TASK TO COMPLETE => Starting at the line that contains "Мужская футболка oversize" and stopping after the line that contains "Oehlbach Streaming Netzwerk", transcribe the listing below exactly; do not include any pictures.

SUPPLIED MATERIAL =>
★ ★ ★
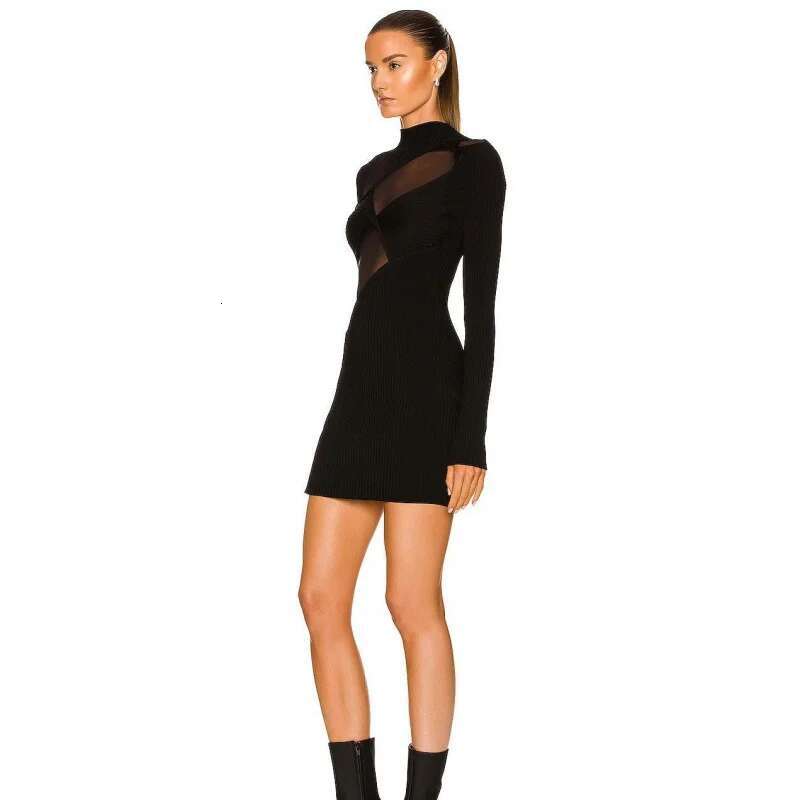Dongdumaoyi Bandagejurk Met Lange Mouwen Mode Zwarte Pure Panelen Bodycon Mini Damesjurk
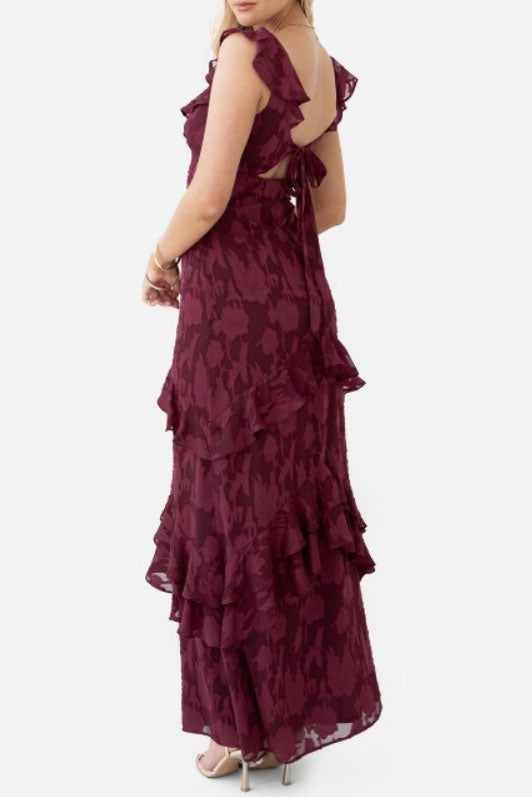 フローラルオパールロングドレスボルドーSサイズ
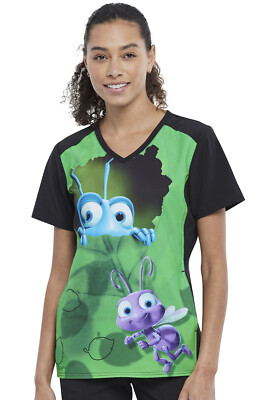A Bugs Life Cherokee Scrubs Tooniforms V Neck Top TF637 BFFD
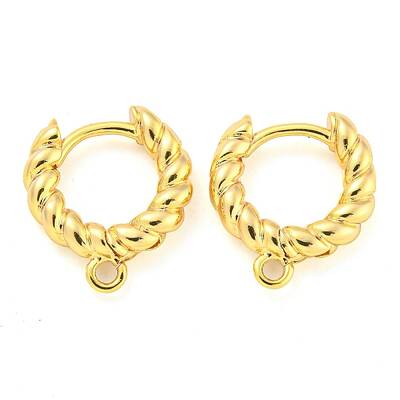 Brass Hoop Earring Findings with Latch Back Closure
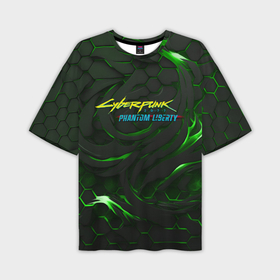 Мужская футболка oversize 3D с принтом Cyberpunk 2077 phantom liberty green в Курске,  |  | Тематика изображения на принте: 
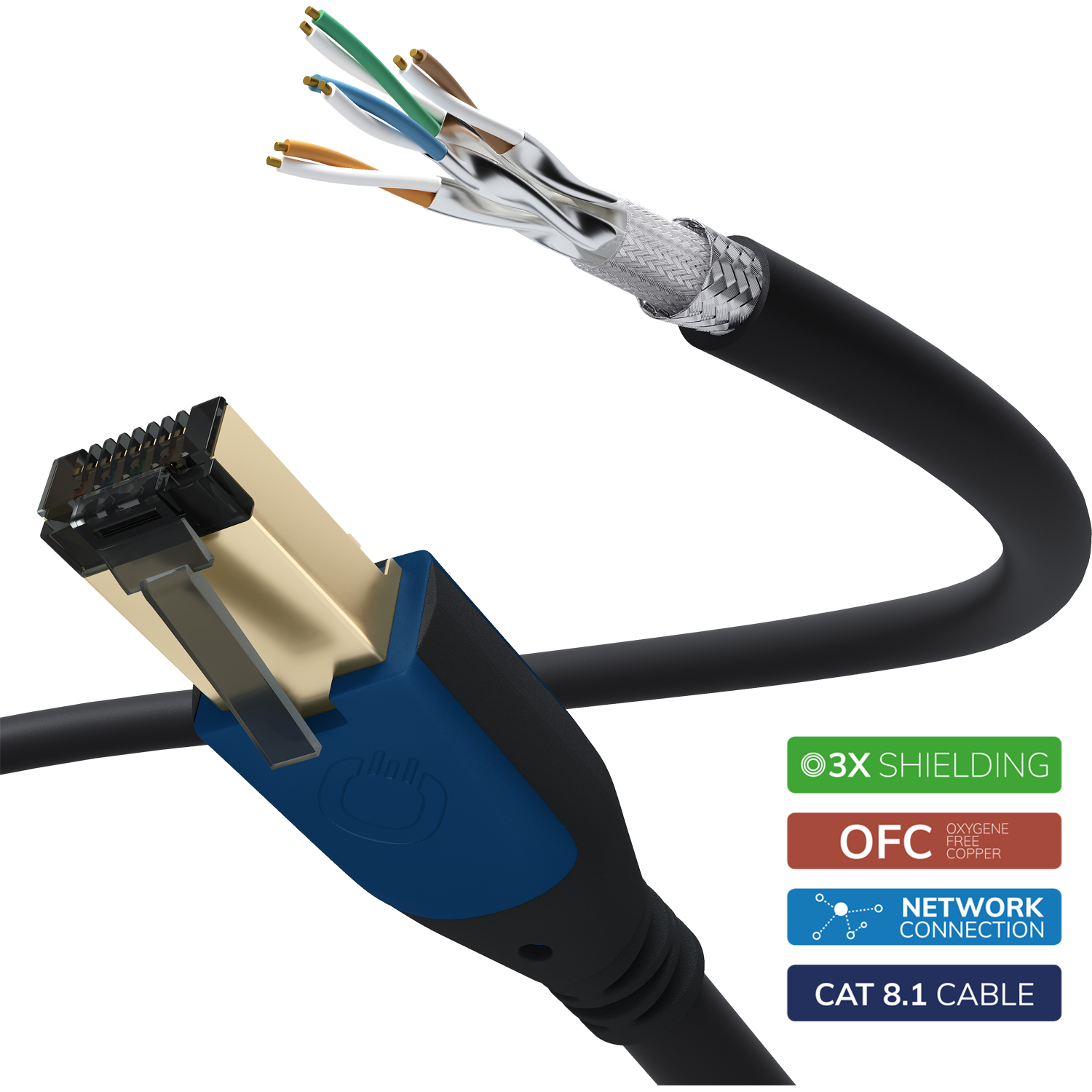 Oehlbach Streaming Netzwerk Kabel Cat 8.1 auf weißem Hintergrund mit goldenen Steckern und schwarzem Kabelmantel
★ ★ ★
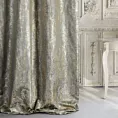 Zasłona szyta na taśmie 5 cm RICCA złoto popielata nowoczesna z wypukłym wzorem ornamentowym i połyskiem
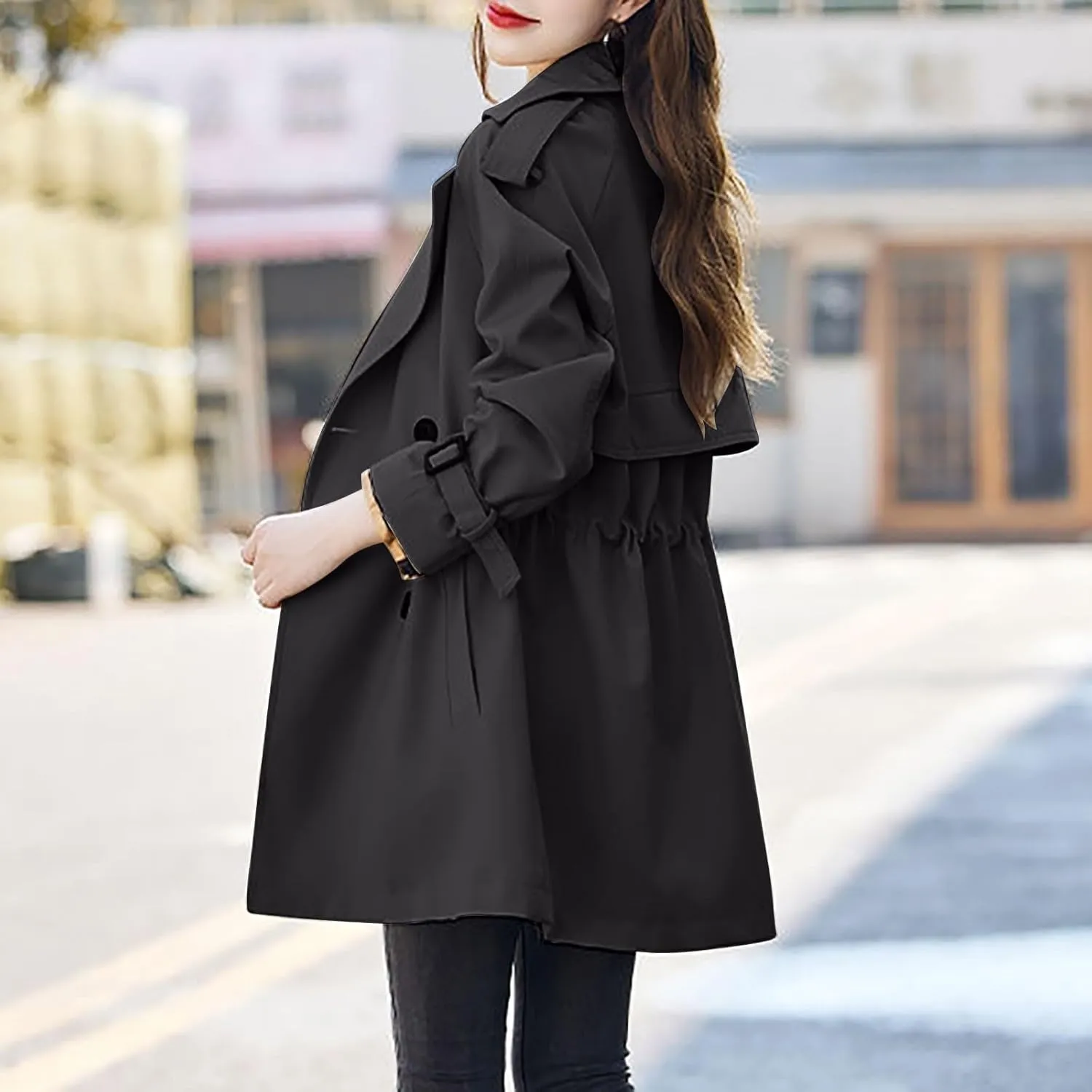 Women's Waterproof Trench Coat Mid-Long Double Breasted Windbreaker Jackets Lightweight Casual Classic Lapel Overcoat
★ ★ ★
ANSWER SPACE =>
 Мужская футболка oversize 3D с принтом Cyberpunk 2077 phantom liberty green в Курске,  |  | Тематика изображения на принте: 
 Oehlbach Streaming Netzwerk Kabel Cat 8.1 auf weißem Hintergrund mit goldenen Steckern und schwarzem Kabelmantel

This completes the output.